I do understand the disappointment if you have an Xperia X and see all other devices get updated Android support. But Jolla here is between a rock and a hard place.


The problem is not reflashing, we all have flashed the first time, we could do it again. The problem is kernel support. There is no new enough kernel for Xperia X hardware. For obvious reasons Sailfish does not have resources to port a kernel for a 3-4 year old device. Not sure whether source is even available from Sony for all drivers.

https://source.android.com/devices/architecture/kernel/core-... A 4.4 kernel would be required, but there is only 3.10.


That's incorrect - Sailfish OS uses the Sony Open Device program kermel and blobs as a base and there is up to kernel 4.9 available for the Xperia X:

https://developer.sony.com/develop/open-devices/get-started/...
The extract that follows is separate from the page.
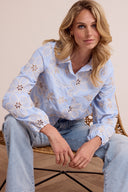 Blouse met bloemenborduurwerk | Tramontana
Thanks for correcting me. I wish all vendors would provide such clear and easy to read information. I was just repeating what I had heard elsewhere.

So is it just one of those management decisions that we don't put any work into an old device? It annoys me mostly because the X is the last device of a reasonable size. I would not even pay for a new one because I am entitled to a new work phone. But I don't like the huge devices you get these days.


Yep, IMHO it's a management/resource decision - the choose to only support one base port stream, not two.

Still if you manly use native Sailfish OS apps, you will be getting all support and updates on Xperia X for years to come.

It's unfortunate but at least the newer devices should hopefully be in better shape. And as for size, Xperia10 II does not feel so much bigger than X as its the same width, just a bit longer. Feels quite subtleactually.


Latest Sailfish OS has Android 10 support.


The latest Sailfish OS release is supported on all HW generations except the first Jolla phone. But the Android version you get depends on your HW. Only the newest HW generation gets a newer Android. All previous HW generations stay at version 4.4 despite the Sailfish OS upgrade.


Another ex-N9 user here (I still have mine in a drawer) and I really wish there was a replacement for it.


Just as a side note, Sailfish is not fully open source.